Питательно только зерно; кто же станет сдирать шелуху для тебя и меня?

Если что-нибудь священно, то тело людей священно…

(Уолт Уитмен. Листья травы)

Люди становятся тупыми, когда перестают быть охваченными страстью.

(Гельвеций. Об уме)

Смутно помню довоенную Москву – всю в рельсах трамваев, еще тесную, булыжную и по всем окраинам деревянную, глухую заборами. А за окраинами – сосновые боры, луга. Я босиком бегал купаться на Москву-реку.

Москва военная – в памяти тросы аэростатов, синева прожекторов, рев сирен. В парках валили вековые деревья, разделывали и закатывали на щели. Эти глубокие щели выкапывали тут же, возле клумб, аллей, фонтанов. И, конечно, стекла – все в нахлестах бумажных полос. Весь огромный город в бумажных лентах, черный с первыми сумерками – ни огонька, лунно-призрачный.
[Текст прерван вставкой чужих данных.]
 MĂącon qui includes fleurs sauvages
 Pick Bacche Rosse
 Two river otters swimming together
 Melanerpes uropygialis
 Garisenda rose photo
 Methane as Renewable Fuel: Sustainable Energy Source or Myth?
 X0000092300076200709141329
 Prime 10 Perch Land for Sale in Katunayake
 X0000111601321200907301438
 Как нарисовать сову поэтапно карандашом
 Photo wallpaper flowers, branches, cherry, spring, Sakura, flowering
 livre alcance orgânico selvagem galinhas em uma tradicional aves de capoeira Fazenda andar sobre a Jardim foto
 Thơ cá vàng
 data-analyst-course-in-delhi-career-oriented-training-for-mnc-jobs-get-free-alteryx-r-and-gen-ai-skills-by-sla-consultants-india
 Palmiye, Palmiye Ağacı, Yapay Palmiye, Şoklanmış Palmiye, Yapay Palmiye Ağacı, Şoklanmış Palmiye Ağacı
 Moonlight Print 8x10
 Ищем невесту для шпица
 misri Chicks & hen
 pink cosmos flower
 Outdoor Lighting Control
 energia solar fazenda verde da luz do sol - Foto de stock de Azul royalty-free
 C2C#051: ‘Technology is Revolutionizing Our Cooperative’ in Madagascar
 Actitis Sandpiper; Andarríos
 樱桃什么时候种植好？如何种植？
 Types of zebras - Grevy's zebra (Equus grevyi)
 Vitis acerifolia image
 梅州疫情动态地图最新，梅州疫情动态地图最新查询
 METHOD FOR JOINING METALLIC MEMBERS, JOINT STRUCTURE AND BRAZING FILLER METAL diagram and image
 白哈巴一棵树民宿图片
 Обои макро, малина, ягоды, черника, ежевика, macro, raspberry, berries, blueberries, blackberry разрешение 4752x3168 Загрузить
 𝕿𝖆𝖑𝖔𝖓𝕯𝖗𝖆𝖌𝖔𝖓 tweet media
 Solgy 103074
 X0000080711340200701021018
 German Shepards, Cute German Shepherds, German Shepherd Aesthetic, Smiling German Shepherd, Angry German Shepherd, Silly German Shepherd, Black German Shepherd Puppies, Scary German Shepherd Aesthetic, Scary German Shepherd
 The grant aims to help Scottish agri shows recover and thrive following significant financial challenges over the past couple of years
Разве думал я мальчишкой, гоняя зимними вечерами консервную банку вместо мяча по ледяной мостовой, что настанет время и я буду пробовать в этом родном мне городе свою силу и свои первые мировые рекорды? Мы, голодные, одетые кто во что, забывали о консервной банке-мяче в мгновения победного салюта. Как неожиданно ярко расцветала затаенная ночью Москва под залпами ракет!..

Как же мы мечтали о силе, как завидовали сильным! Уже тогда я услышал имена Куценко, Амбарцумяна! Какие чудеса мне рассказывали об их силе!

Помню великое торжество Мира – всеобщее паломничество на Красную площадь. В день 9 мая, под утро которого было объявлено об окончании войны, с места тронулся весь люд: и дети, и старики, и взрослые – все шли к Красной площади. Помню скрещение прожекторов над Красной площадью и гул голосов, наверное, миллионов голосов… Я протиснулся с братом и мамой на Каменный мост. Сердце русского народа было распахнуто перед нами: Кремлевская и Москворецкая набережные, бастионно-строгая зубчатость стен Кремля, святой народной памятью собор Постника и Бармы, звонница Ивана Великого, черный глянец Москвы-реки, переливчатой огнями. Толпа кидала в воду монетки – каждый на счастье.

Я за братом закрутил с пальца и свою – она потерялась в дожде монеток. Каждый загадывал, ждал, желал счастья!

И лежит, лежит на дне Москвы-реки мой пятак. Хранит мое счастье.